As a bathroom is one of the most difficult rooms to design, it’s important you take the time to really think about the space you have and how you want to use it. Start by writing a list detailing who uses your bathroom, at what time of the day and what for. This will give you an idea of the kind of bathroom arrangement(s) and fittings that might best suit you and your family.
Next, think about what sort of look or mood you’d like to create. Start a file for tear sheets from magazines, brochures, computer print-outs and samples so you can begin to get a clear style in your mind. Don’t forget to think about storage. It’s no good going for a sleek, minimalist suite if there’s nowhere to store your towels and toiletries.
Somewhere along the line, you’ll need to consult a specialist to decide on the best layout and fittings, but you can start by drawing up a basic floorplan yourself. Draw it to scale on squared paper at a suggested scale of 1:20. On a separate piece of paper, draw your new fittings to the same scale (get measurements from a brochure or the internet), cut them out and position them on your bathroom plan.
Before you make any decisions, think about who uses your bathroom, how you use it and whether your needs will change in the future. If you love showers and barely use a bath, and your bathroom is on the bijou side, perhaps it’s worth converting it to a wet room. If you have a family and your bathroom is tiny, how about relocating to a larger room? And if elderly relatives are regular visitors or you have small children, you’ll need to consider accessibility. And think about storage, too; a messy bathroom is not a relaxing haven.
Making your space work
Unless you’re in the privileged position of having designed your own home, you probably don’t have a bathroom that’s exactly the right size. If your bathroom isn’t big enough for your needs, it may be worth enlarging it by taking some space from an adjoining room. Designer Ross Lovegrove also recommends thinking about what shapes will best enhance the space you have. ‘Wall-hung or curved lines will help to add a feeling of volume to small bathrooms,’ he says. Corner basins, toilets and showers are now available and fl oormounted taps give greater flexibility. Changing the layout is expensive but the extra cost is worthwhile, especially if you end up with a more effective room. Think about how you move around the room, too.
Wet, wet, wet
Wet rooms (essentially a walk-in shower room) are popular alternatives to a traditional bathroom. But installing a wet room is a big job that requires a professional. The room has to be fully waterproofed and the floor needs a suitable slope to ensure adequate drainage. The waterproof membrane can be heavy, so check your floor can take the weight. Unless the room is at least 3x3m, you’ll find that water sprays around the room and it can be difficult to dry off. Use a non-slip surface for the floor and include storage to keep toiletries and towels dry.

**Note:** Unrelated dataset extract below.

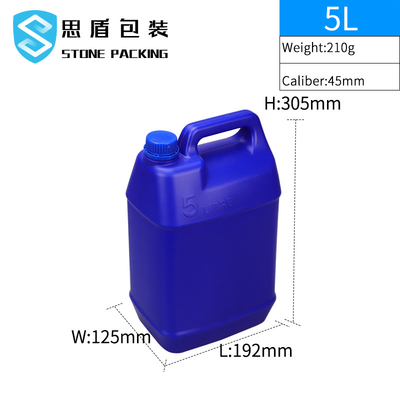 De lekvrije Schroefdop Plastic Trommel van 5L 2,5 Gallons 1 Gallon 0,5 Gallons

For many people, a semi-wet room is a better option. This involves installing a walk-in shower rather than waterproofing the entire room. The latest shower trays are very slim, which means if you lift the floorboards you can set the tray into the floor, giving a wet-room effect and contemporary aesthetic.
Let there be light
Lighting in bathrooms plays a dual role; at a practical level you need illumination for tasks such as putting on make-up or shaving, and on an emotional level it needs to relax, calm and stimulate. ‘We often begin and end our days in the bathroom, so the right light ensures a good start and close to the day,’ says Duravit designer Andreas Struppler. Also be aware of UK safety regulations. Lights must be operated by a pull-cord, or an outside switch, and light fittings within 600mm of a bath must have an Ingress Protection rating of 65.